Déclaration sociale nominative (DSN) : le pilier du reporting social

La DSN reste le socle de toutes vos obligations sociales. Transmise chaque mois via un logiciel de paie homologué, elle centralise les informations relatives aux salaires, cotisations sociales, congés, arrêts maladie, et bien plus encore. 

Depuis sa généralisation, elle remplace d’ailleurs près d’une vingtaine de déclarations anciennes (DUCS, attestation employeur, etc.). En 2025, elle reste donc obligatoire dès l’embauche du premier salarié, et une erreur peut rapidement entraîner des pénalités financières ou un mauvais calcul des droits sociaux. Ne prenez aucun risque : chaque donnée saisie doit être exacte, cohérente et transmise dans les délais. Sans compromis.

 

Déclaration préalable à l’embauche (DPAE) : le tout premier réflexe

Avant même que le salarié commence à travailler, vous avez l’obligation de le déclarer à l’URSSAF via la DPAE. Ce document prouve que vous embauchez légalement. Il doit être transmis au plus tard dans les 8 jours précédant l’embauche

Restez très vigilant, car le fait d’oublier cette formalité revient à se placer dans une situation de travail dissimulé, avec à la clé des sanctions pénales et financières très lourdes ! En restauration, où les embauches de dernière minute sont fréquentes, cette étape doit donc être automatisée dès que possible pour éviter tout oubli.

 

Déclaration des effectifs à l’URSSAF : surveillez votre seuil

Il faut aussi savoir que certaines obligations sociales s’activent dès que vous atteignez un seuil d’effectif (11, 20 ou 50 salariés).

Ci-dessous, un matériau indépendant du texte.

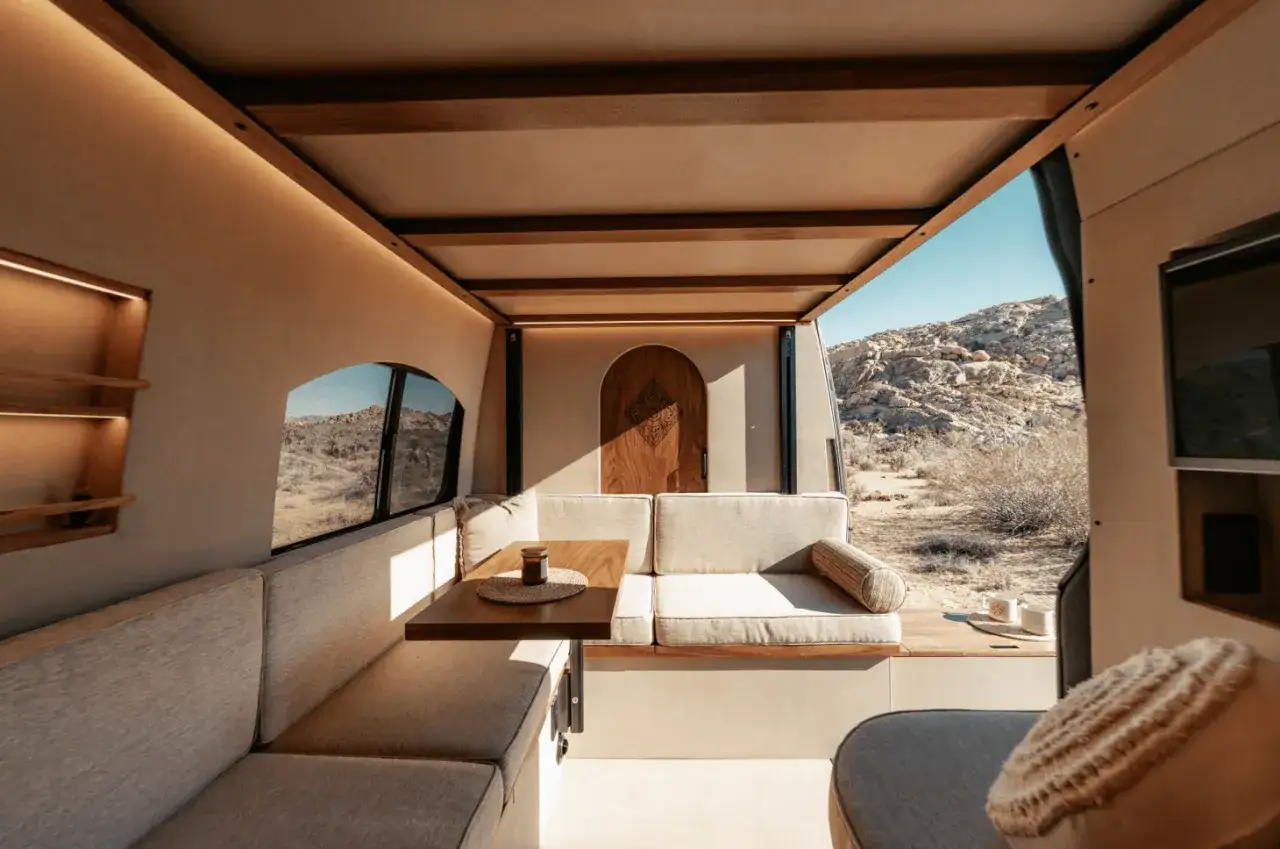 Ambiance cosy dans ce camping-car. L'intérieur offre des banquettes confortables, une table en bois et une porte décorative, le tout baigné de lumière naturelle.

Vous devez donc mettre à jour régulièrement votre déclaration d’effectifs auprès de l’URSSAF

Cela déclenche des cotisations supplémentaires (versement mobilité, participation à la formation continue, etc.) ou l’application de certaines dispositions conventionnelles.

 

Pourquoi faire appel à ADVYSE pour gérer vos obligations sociales ?

Entre les évolutions constantes du droit du travail, les spécificités de la convention HCR et les multiples échéances déclaratives, une erreur peut coûter très cher : redressement URSSAF, rappel de cotisations, contentieux prud’homal, réputation ternie … 

Notre objectif chez ADVYSE ? Ne surtout rien laisser au hasard, et vous permettre de naviguer avec grande facilité dans la mise en conformité de vos bulletins de paie, la gestion des embauches, les déclarations sociales mensuelles, ainsi que le suivi des temps de travail. Le tout avec des outils digitaux fluides et un interlocuteur dédié.

 

Contactez-nous dès aujourd’hui pour bénéficier de conseils personnalisés ! 

 

FAQ

Quelles sont les principales obligations sociales pour un restaurant ?

DPAE, contrat écrit, bulletins de paie, respect de la convention HCR, affichage obligatoire, DUERP, visites médicales, DSN mensuelle.

Les heures supplémentaires sont-elles obligatoirement majorées dans le HCR ?

Oui, au-delà de 35h, les heures doivent être majorées. La convention HCR prévoit une durée de 39h avec un taux spécifique.

Un extra peut-il être requalifié en CDI ?

Oui, si les missions sont régulières ou répétées. La jurisprudence est claire : la réalité prime sur le contrat.

Que risque un employeur HCR en cas de non-conformité sociale ?

Redressements URSSAF, prud’hommes, amendes pénales, perte d’aides, fermeture administrative… mieux vaut éviter le faux pas.